助けてって誰に言えばいいのか、幾つになってもわからなくて今日も布団の上で黙って泣いている。メンタルクリニックも今日は休診日。明日、仕事はオペ日。

小学生の頃、助けてって交番に駆け込んで言っても迷惑そうに家に返されるばかり。

昨日は寝ている君に毛布をかけなおそうとしただけなのに顔にかかってしまって、君は人を恨むような目をした。眠りを邪魔したわたしが悪いから、その目がこわいから、ごめんねと慌てて言うものの、イヤホンをした君には届かない、そのまなざしを向けたままあなたは静かに再び瞼を閉じた。

人にあんな目を向けられたのは久しぶりだ。
むかしの恋人がわたしを監禁したとき以来だ。起きて少しでも動くものなら殴り蹴る、鼻血が出たって眼球が内出血したってお構いなしで、玄関へ走るわたしの髪をその白く細い華奢な腕で掴んで振り回してはわたしをただ殺してやるというまなざしで見つめて殴って蹴るだけだった。
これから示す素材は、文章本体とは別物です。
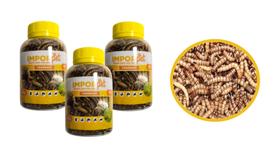 4 Potes com Tenébrio Desidratado para Aves Peixes Répteis Roedores e Pequenos Primatas 35g Importado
そのときも助けてだなんて言えなくて、だってさ救おうと近寄ってくる人ほど危ないことも知っちゃったんだよ、やさしい人ほど無責任に手を差し伸べられないからとただ黙ってそばにいることを選ぶことも知っちゃったんだよ、当時は自分が彼をこんなふうにしてしまったんだって自責することしかできなくて、与えられたお金では頼まれたものがすべて買えなくて、盗もうとして助けられた。

今だってほら、助けてって声に出してもそんな声は自分の甘えだって、わたしの声なんかは天井のLEDライトの白さに当てられて放散し家の前のマンション工事の騒音に掻き消されるだけ。